Nas redes sociais, familiares, amigos, artistas e influenciadores digitais alimentam a campanha “Sônia Livre”, que já conta com mais de 32 mil seguidores e tem como objetivo arrecadar assinaturas e divulgar um dos casos de trabalho análogo à mais absurda escravidão da História do país. A petição já reúne mais de 10 mil assinaturas e pede aos ministros a libertação de Sônia Maria de Jesus.
Os Correios entraram em contato com o Escritório de Advocacia de Família de Borba, que, por meio de nota, afirmou: “Por se tratar de um caso sob sigilo, respeito às instituições e ao Judiciário, a família mantém a posição de não tecer comentários públicos, em absoluto respeito ao devido processo legal”. de direito”. A reportagem procurou a assessoria de imprensa do STF e do STJ, mas não obteve resposta.
É preciso denunciar
O combate ao trabalho escravo começa pela denúncia, que pode ser feita por canais como o disque 100, 190, ou diretamente a órgãos como Ministério Público do Trabalho (MPT), Ministério Público Federal (MPF) ou Defensoria Pública (DPU). A Divisão de Fiscalização para Erradicação do Trabalho Escravo (Detrae) avalia os casos e, dependendo, aciona as equipes responsáveis.
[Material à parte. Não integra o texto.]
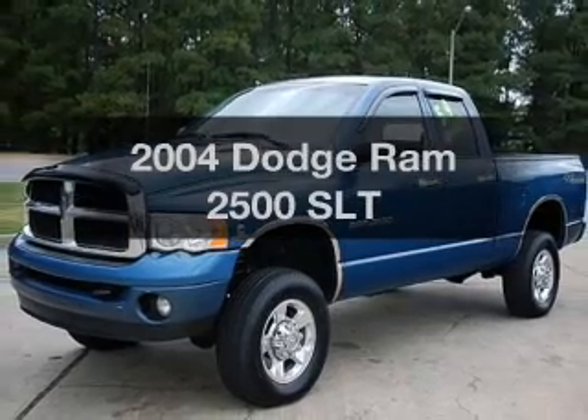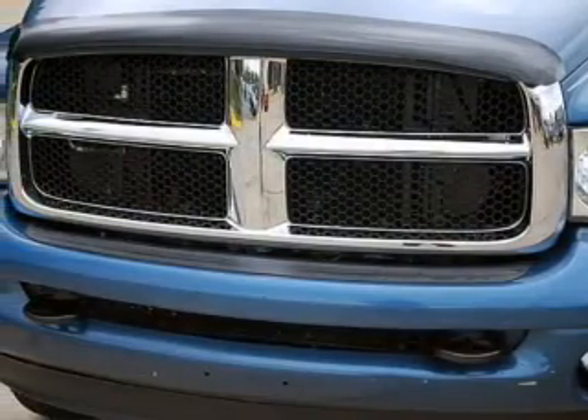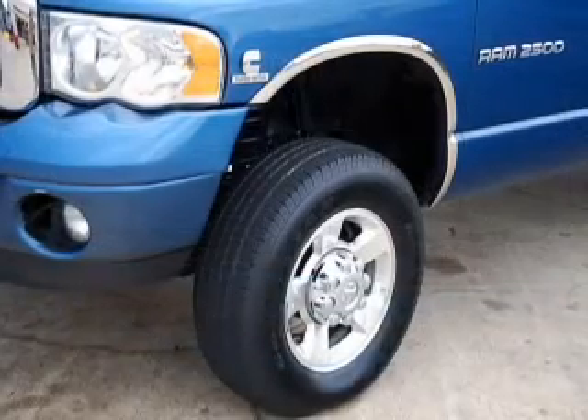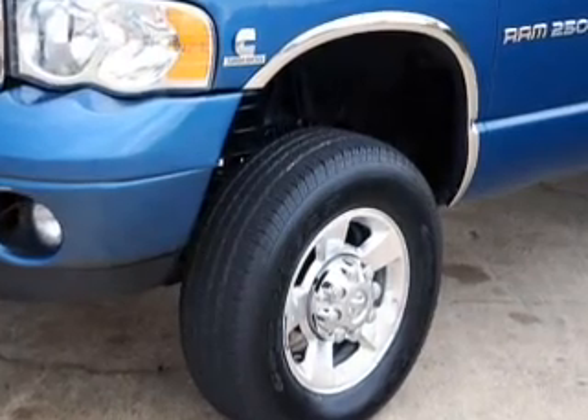Imagine yourself in this 2004 Dodge Ram 2500. This is the set of wheels you've been looking for. With a reliable six-cylinder engine connected to a smooth shifting automatic transmission, you will appreciate the safety feature of anti-lock brakes.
Integrantes da Polícia Federal e da Defensoria Pública poderão ser mobilizados para garantir a segurança e eficácia da ação de combate. Após o resgate, as vítimas recebem apoio imediato, incluindo acolhimento emergencial, atendimento médico, regularização de documentos e acesso ao seguro-desemprego.
No pós-rescática, o foco é a reinserção social. As vítimas são encaminhadas para programas de assistência social, saúde, educação e emprego. Caso desejem retornar às suas cidades de origem, a rede local é mobilizada.
O procurador do Trabalho Thiago Lopes de Castro, coordenador nacional do grupo de trabalho doméstico do MPT, relata os desafios pós-resgate das vítimas do trabalho escravo doméstico.
Segundo ele, essas pessoas, muitas vezes retiradas de suas famílias biológicas ainda na infância e submetidas a décadas de exploração, carecem de uma rede de apoio adequada. “Embora os trabalhadores rurais muitas vezes regressem às suas comunidades, as vítimas do trabalho doméstico geralmente não têm para onde ir, o que torna a assistência social ainda mais crítica”, disse ele.